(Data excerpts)
Content starts

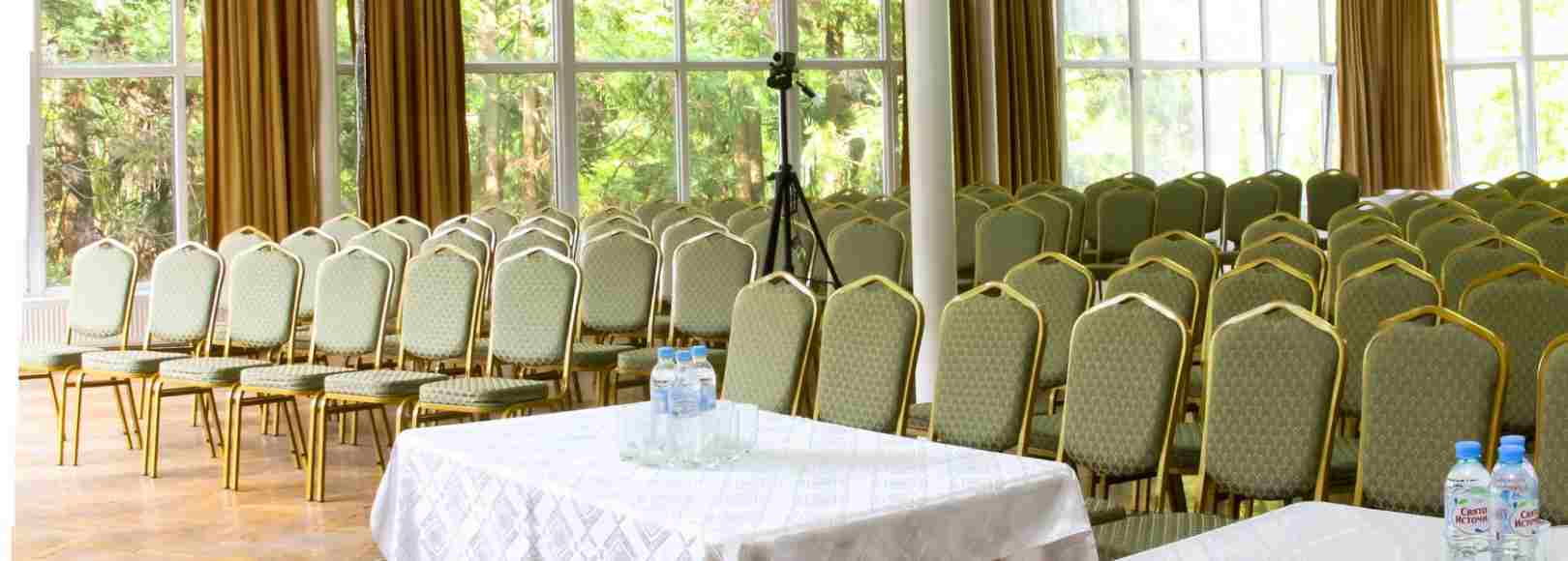 Фотография конференц-зала Зал Верхний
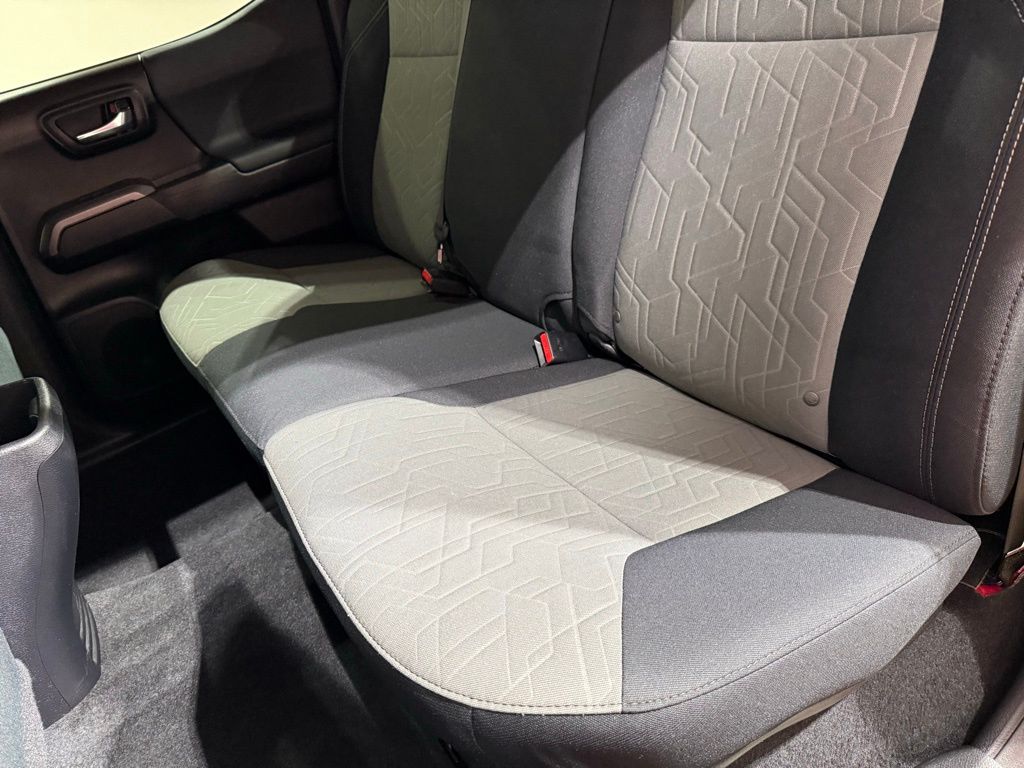 2021 Toyota Tacoma TRD Off-Road 18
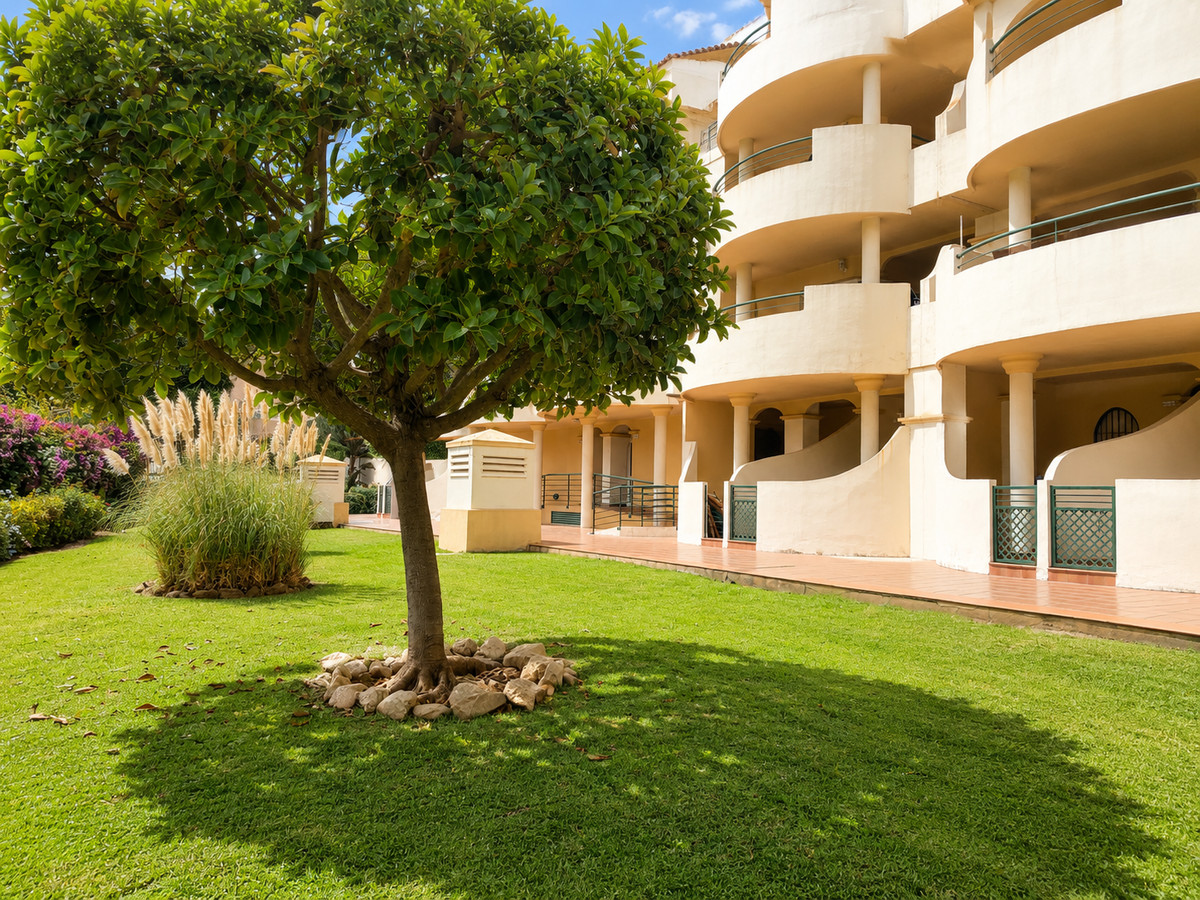 2 Bed Apartment for sale in Nueva Andalucía Costa Del Sol, Málaga, Spain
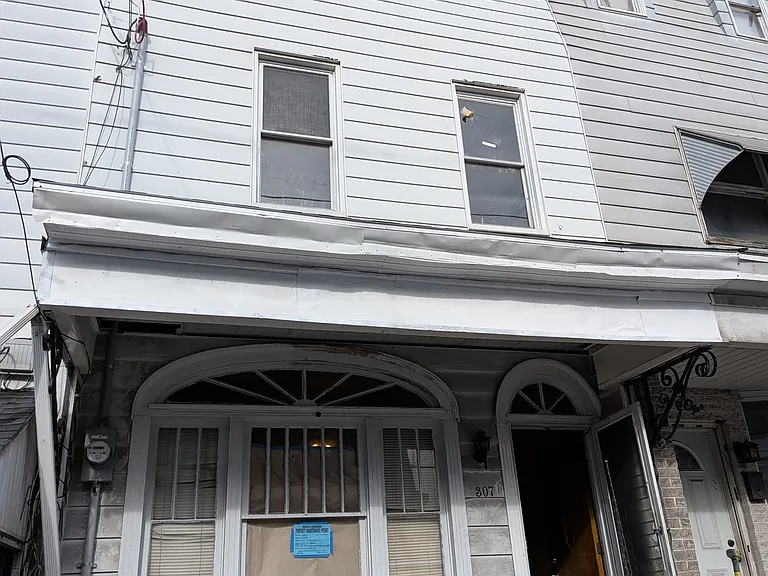 307 W Centre St — Photo 1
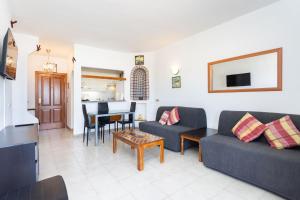 Fotografia z galérie ubytovania Apartment with beach at 50 meters, swimming pool and wonderful oceansunset view v destinácii Adeje + 21 fotografií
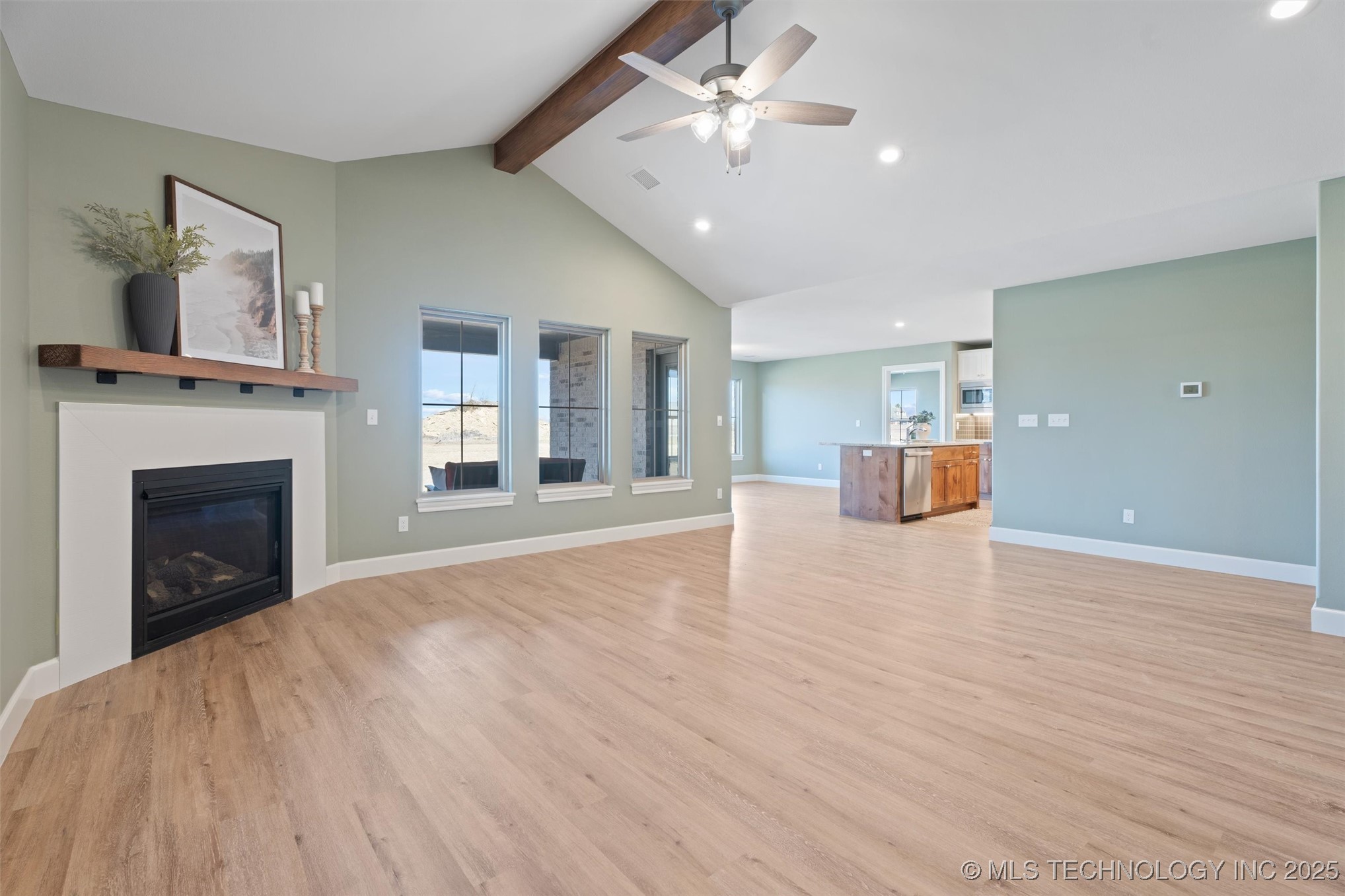 5822 Coldspring Lane Property Photo 9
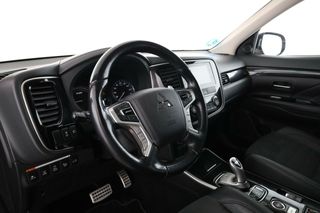 Mitsubishi Outlander PHEV Kaiteki 4WD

Content ends

**Work to complete**
The range to copy runs from the line with "Fotografia z galérie" to the last line of the entries, both included; copy it exactly and leave out the pictures.

**Written solution**
 Fotografia z galérie ubytovania Apartment with beach at 50 meters, swimming pool and wonderful oceansunset view v destinácii Adeje + 21 fotografií
 5822 Coldspring Lane Property Photo 9
 Mitsubishi Outlander PHEV Kaiteki 4WD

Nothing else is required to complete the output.